Estica-se na busca de uma resistência e os avanços
acontecem sempre sob sentimentos paradoxais. Há momentos
de desalento, decepção, angústia. Há
momentos de coragem, de ânimo, de feliz insensatez.
“Quer dizer, momentos em que o jovem tende ainda, por
força da sua natureza, a praticar actos irreflectidos,
como casar de um instante para outro ou abandonar descuidadamente
um lugar que ocupava sem ter motivo algum para o fazer.”
Não, “Linha de Sombra”,
de Joseph Conrad (1857-1924), não é a história
de um matrimónio inconsequente. Mas o jovem narrador,
alter-ego de Conrad, apresenta-se na revelação
de um acto impensado: abandona o mar, mais de um ano depois
de ter embarcado na marinha mercante. “Num dia encontrava-me
perfeitamente bem tal como estava, e no dia seguinte já
tudo acabara — encanto, gosto, interesse, prazer —
tudo... Foi um desses momentos — estão a ver?”
Em terra firme, o trilho daquele momento de
precipitação leva-o novamente ao mar. Não
recusa a oferta de comandar o navio “Melita” e
embarca com uma tripulação de velhos marinheiros.
O jovem comandante vislumbra então a “linha de
sombra”. Que se torna transparente já em mar
alto, quando o desafio enigmático da natureza e a epidemia
que grassa entre os marinheiros fazem emergir uma coragem
e uma resistência até então adormecidas.
Para trás fica o “país da adolescência”.
Vinte dias é o tempo de acção
deste romance, narrado pelo outrora jovem numa espécie
de monólogo que respiga sensações passadas.
Sobre o barco e os homens abate-se um insondável sortilégio
— na imensidão do oceano não há
sequer uma brisa, uma neblina cerrada envolve o navio, que
permanece imóvel, e lá dentro a tripulação
não resiste ao delírio provocado pela febre.

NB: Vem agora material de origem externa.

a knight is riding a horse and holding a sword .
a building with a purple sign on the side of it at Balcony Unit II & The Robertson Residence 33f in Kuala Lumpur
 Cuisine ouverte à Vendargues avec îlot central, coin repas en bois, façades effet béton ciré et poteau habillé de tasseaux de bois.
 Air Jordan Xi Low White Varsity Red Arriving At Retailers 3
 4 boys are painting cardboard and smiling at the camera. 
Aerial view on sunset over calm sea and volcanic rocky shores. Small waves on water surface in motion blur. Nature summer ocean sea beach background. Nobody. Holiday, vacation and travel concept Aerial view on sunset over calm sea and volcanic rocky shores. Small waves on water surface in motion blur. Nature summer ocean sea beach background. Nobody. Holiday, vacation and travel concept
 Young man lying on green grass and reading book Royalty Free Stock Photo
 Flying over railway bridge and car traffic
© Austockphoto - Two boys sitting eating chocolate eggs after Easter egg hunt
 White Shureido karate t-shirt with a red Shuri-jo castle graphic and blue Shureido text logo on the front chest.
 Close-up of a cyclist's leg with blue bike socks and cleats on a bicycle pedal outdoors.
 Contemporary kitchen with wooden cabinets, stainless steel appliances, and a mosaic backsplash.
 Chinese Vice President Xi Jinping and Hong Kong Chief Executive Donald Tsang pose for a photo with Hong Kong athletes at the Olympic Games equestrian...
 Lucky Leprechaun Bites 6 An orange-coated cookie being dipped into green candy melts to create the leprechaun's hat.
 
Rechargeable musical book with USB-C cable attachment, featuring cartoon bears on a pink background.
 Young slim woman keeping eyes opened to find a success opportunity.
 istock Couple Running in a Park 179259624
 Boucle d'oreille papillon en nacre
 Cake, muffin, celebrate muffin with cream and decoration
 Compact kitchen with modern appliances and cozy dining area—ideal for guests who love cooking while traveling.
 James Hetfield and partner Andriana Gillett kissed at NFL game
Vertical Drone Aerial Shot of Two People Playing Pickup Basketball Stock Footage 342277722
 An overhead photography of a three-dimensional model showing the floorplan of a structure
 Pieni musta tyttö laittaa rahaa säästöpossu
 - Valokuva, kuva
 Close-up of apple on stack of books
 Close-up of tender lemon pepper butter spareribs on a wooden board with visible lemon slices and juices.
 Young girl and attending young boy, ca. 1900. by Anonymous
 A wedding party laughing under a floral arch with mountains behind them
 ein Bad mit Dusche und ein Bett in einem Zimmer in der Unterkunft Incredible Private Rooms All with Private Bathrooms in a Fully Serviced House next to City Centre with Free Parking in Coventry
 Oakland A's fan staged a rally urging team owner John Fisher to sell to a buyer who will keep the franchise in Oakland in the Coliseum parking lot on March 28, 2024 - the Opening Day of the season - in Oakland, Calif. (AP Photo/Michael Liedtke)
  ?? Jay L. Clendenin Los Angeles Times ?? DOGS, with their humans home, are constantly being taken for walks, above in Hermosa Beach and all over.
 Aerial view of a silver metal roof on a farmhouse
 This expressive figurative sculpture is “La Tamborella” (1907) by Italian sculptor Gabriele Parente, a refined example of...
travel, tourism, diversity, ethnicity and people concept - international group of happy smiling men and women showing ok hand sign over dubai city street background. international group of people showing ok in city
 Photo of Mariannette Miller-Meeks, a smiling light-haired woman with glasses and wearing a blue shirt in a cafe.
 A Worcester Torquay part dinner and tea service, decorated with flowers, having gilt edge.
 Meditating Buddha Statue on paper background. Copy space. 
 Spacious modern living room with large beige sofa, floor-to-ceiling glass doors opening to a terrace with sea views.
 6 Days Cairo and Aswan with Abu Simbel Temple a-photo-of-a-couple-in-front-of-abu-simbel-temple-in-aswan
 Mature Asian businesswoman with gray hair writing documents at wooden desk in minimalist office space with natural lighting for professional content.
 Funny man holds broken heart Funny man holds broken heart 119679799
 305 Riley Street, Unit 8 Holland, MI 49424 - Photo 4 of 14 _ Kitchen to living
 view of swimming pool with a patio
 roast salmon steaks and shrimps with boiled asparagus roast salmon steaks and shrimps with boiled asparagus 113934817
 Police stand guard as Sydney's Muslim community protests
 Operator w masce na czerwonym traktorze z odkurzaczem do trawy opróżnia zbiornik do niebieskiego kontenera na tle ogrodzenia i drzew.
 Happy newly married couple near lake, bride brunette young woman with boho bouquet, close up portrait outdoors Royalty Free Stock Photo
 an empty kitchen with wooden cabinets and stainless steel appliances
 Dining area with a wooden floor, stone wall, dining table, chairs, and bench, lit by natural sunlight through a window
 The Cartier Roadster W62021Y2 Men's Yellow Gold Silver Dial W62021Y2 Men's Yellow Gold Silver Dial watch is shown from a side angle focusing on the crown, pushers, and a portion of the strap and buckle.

Sob a escuridão, o jovem comandante desperta assim
para uma inexorável coragem, decantada na clareza racional,
na disciplina e no sentido do dever. Em contraposição
ao caos surgem as forças de aventureiros românticos,
personificados na figura quixotesca do comandante, herói
que derrota todas as adversidades e salva os marinheiros e
o barco.
Joseph Conrad, nascido polaco e registado como
Jozef Teodor Konrad Korzeniowski, escreveu “Linha de
Sombra” nos finais de 1916. Abandonara a vida de marinheiro
há muitos anos atrás para se dedicar exclusivamente
à literatura, já obtivera a cidadania inglesa
e vivia com a sua mulher, Jessie George, em Capel House, no
condado de Kent, Grã-Bretanha.
Era um escritor conceituado e reconhecido pelos
seus pares — as obras “O Espelho do Mar”,
“Lord Jim”, “O Agente Secreto”, “O
Negro do Narciso”, “Coração das
Trevas” e “Nostromo” valeram-lhe uma distinção
mundial — e, entre o seu círculo de amigos, contavam-se
Henry James, Ford Madox Ford, John Galsworthy, Stephen Crane,
H. G. Wells e Bertrand Russel. A evidência das suas
virtudes literárias não evitavam, porém,
que reincidisse em momentos de desespero e depressão
— consumia os dias na reescrita dos seus manuscritos,
numa tentativa de esconder falhas numa língua, a inglesa,
que não dominava totalmente.
Morreu aos 66 anos, 30 dos quais inteiramente
dedicados à escrita, e escolheu ser sepultado em Canterbury.
Virginia Woolf chamava-lhe “o convidado ilustre”
da literatura inglesa e ele sempre tentou rebater os complexos
da pátria abandonada com a criação de
personagens que enquadravam a típica figura britânica.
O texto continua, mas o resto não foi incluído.